Researchers monitor both populations by plane overflights early in the year. This spring, they counted 23 wolves and about 650 moose, down sharply from the highs of 50 wolves in 1980 and almost 2,500 moose in 1995. In 2006, moose numbers hit a record low of 385.

With the exception so far of this year, summers over the last decade have been unseasonably warm on Isle Royale. Moose thrive in frigid boreal climates, but when the mercury rises above 60 degrees Fahrenheit, their heart and respiration rates increase, and every step is an effort. They spend warm days resting or submerged in water rather than eating the 40 pounds of vegetation a day they need to fatten up for the winter, when the only food sources are twigs and fir trees.

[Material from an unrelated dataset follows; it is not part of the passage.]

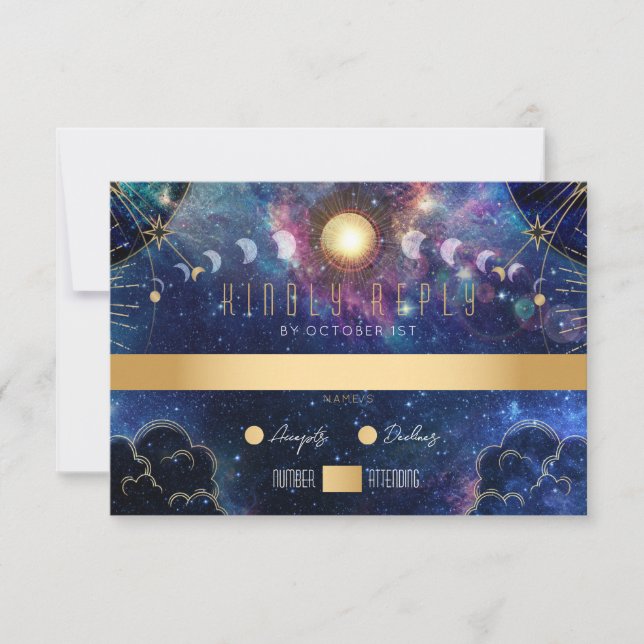 Carte RSVP Phase Lune céleste (Devant)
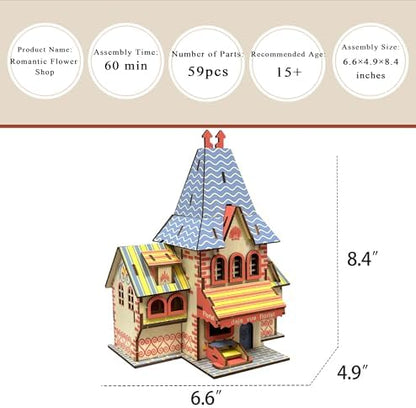 Log Cabin 3D Wooden House Puzzle,DIY Mini Building Model Kit，006 - Image 2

A hot summer means weaker and older moose may die from heat stress. Come next winter and spring, many others will starve because they ate too little during summer. Or they will be so weak, they will be easy prey for the wolves.

"It all started in 1998," said study director Rolf Peterson, a research professor at Michigan Technological University. "Moose were dropping dead of starvation right in front of park visitors."

The heat also encourages ticks that make moose miserable. Later onset of winter means more time for the blood-sucking ticks to latch onto a moose, and earlier springs mean more success for tick eggs.

Over the winter, a tick-infested moose may need to replace 100 percent of its blood. They also rub, bite and scratch off their hair in an effort to rid themselves of the insects. This spring, said study co-director John Vucetich, the average moose had lost 75 percent of its hair, and one in four had lost 95 percent.